Work to complete. Reproduced exactly, the lines from the start of the material through the line containing "Postal Sycamore Sunrise (Anverso)" should be the whole answer, with pictures excluded.

-- Record excerpts follows --

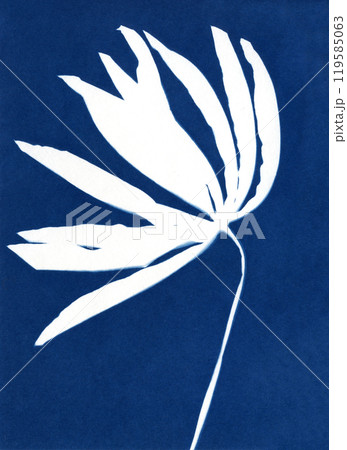 Unique hand-printed monotypes in Prussian blue. Cyanotypes, a kind of antique photography with freshly cut or dried flowers. Flower unique print. 119585063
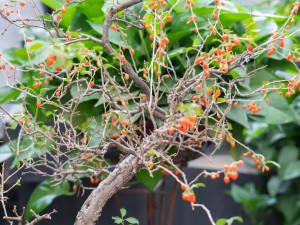 枸杞是怎么晒干的，保质期是多长时间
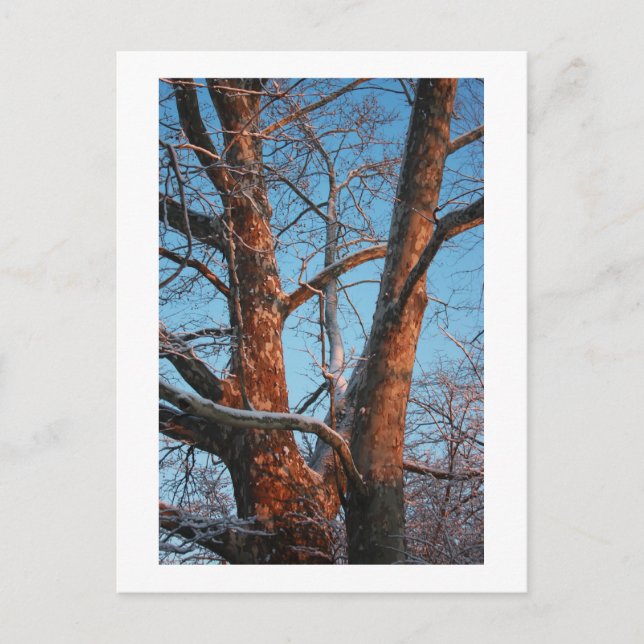 Postal Sycamore Sunrise (Anverso)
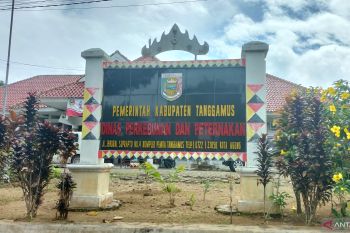 Disbunnak Tanggamus sebut harga kakao mencapai Rp30 ribu per kg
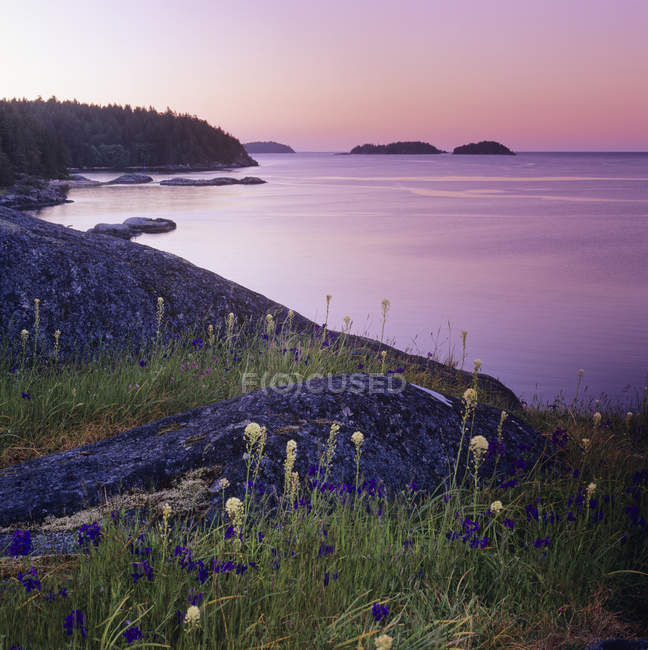 Fiori di campo primaverili all'alba nella baia di Sargeants, penisola di Sechelt, Columbia Britannica, Canada . — Foto stock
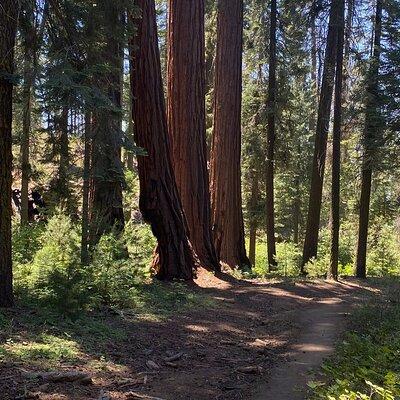 Half Day Tour to Kings Canyon National Park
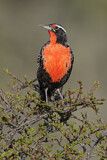 Image. Long-tailed Meadowlark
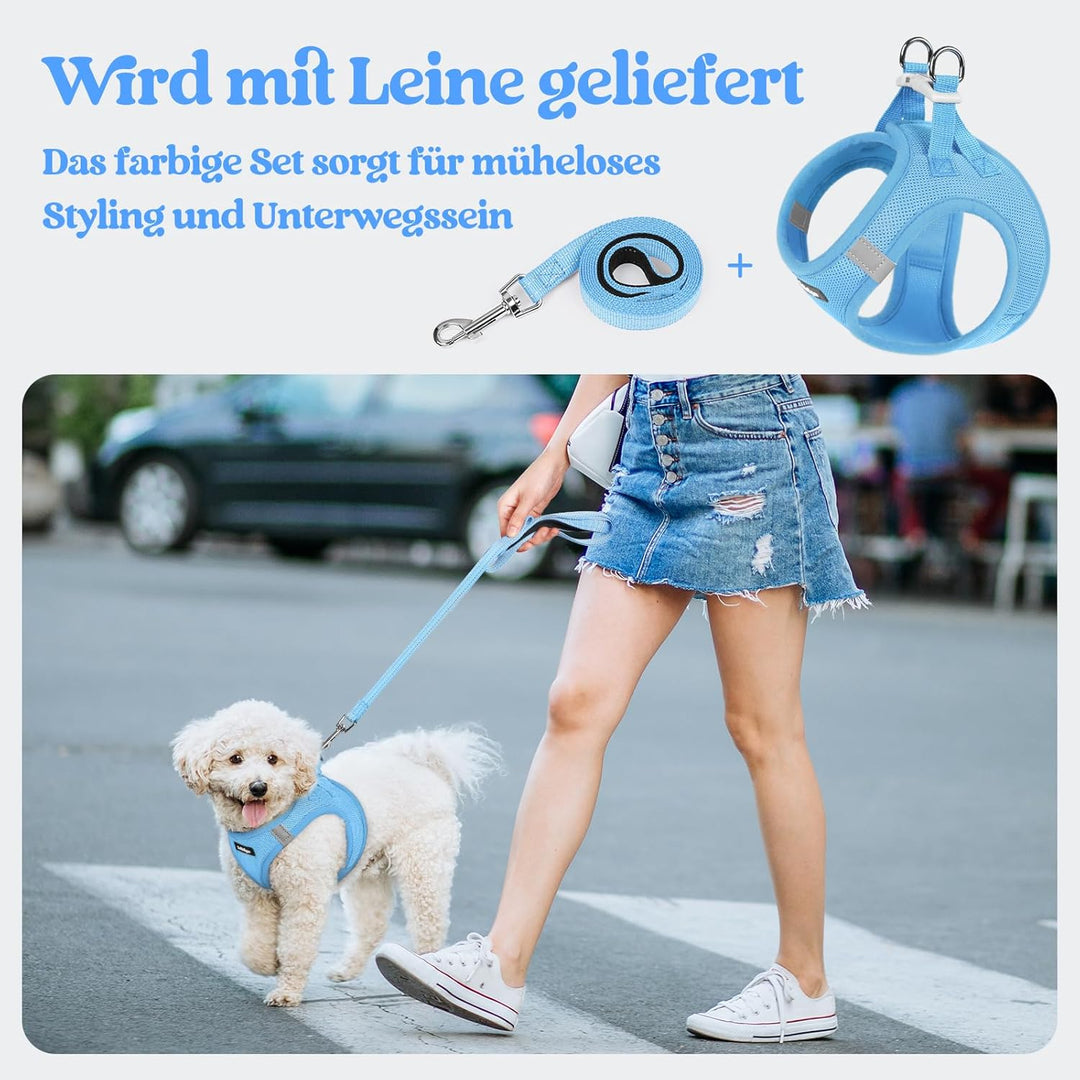 rabbitgoo Hundegeschirr Kleine Hunde mit Leine, Step-in Welpengeschirr Weich Mesh für Spaziergänge,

-- Record excerpts concluded --

Exercise result.
 Unique hand-printed monotypes in Prussian blue. Cyanotypes, a kind of antique photography with freshly cut or dried flowers. Flower unique print. 119585063
 枸杞是怎么晒干的，保质期是多长时间
 Postal Sycamore Sunrise (Anverso)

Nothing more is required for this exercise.